> [Work order]: When the line containing "Diyarbakır'da 45 dereceye" is found in the data below, give it again along with every later line, exactly; drop the pictures.

> [Dataset extract]:

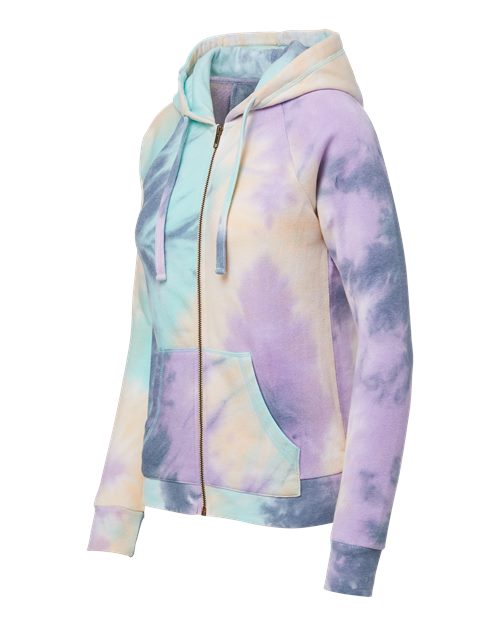 Women's Stockton Angel Fleece Full-Zip Hooded Sweatshirt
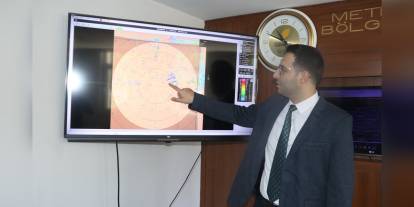 Diyarbakır'da 45 dereceye varan sıcaklıklar bekleniyor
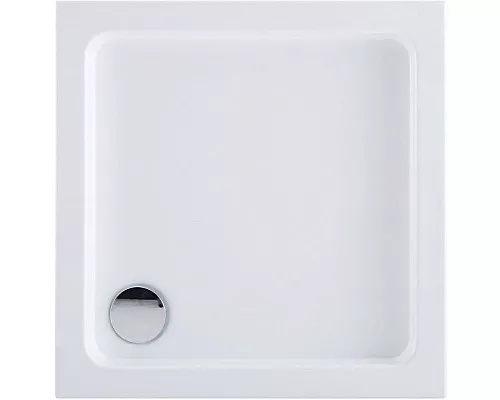 Купить Акриловый поддон для душа Aquanet GL180 90x90 265570 Белый в магазине сантехники Santeh-Crystal.ru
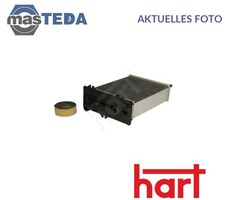 605 774 WÄRMETAUSCHER INNENRAUMHEIZUNG HART FÜR FIAT MAREA,BRAVO I,BRAVA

> [Exercise output]:
 Diyarbakır'da 45 dereceye varan sıcaklıklar bekleniyor
 Купить Акриловый поддон для душа Aquanet GL180 90x90 265570 Белый в магазине сантехники Santeh-Crystal.ru
 605 774 WÄRMETAUSCHER INNENRAUMHEIZUNG HART FÜR FIAT MAREA,BRAVO I,BRAVA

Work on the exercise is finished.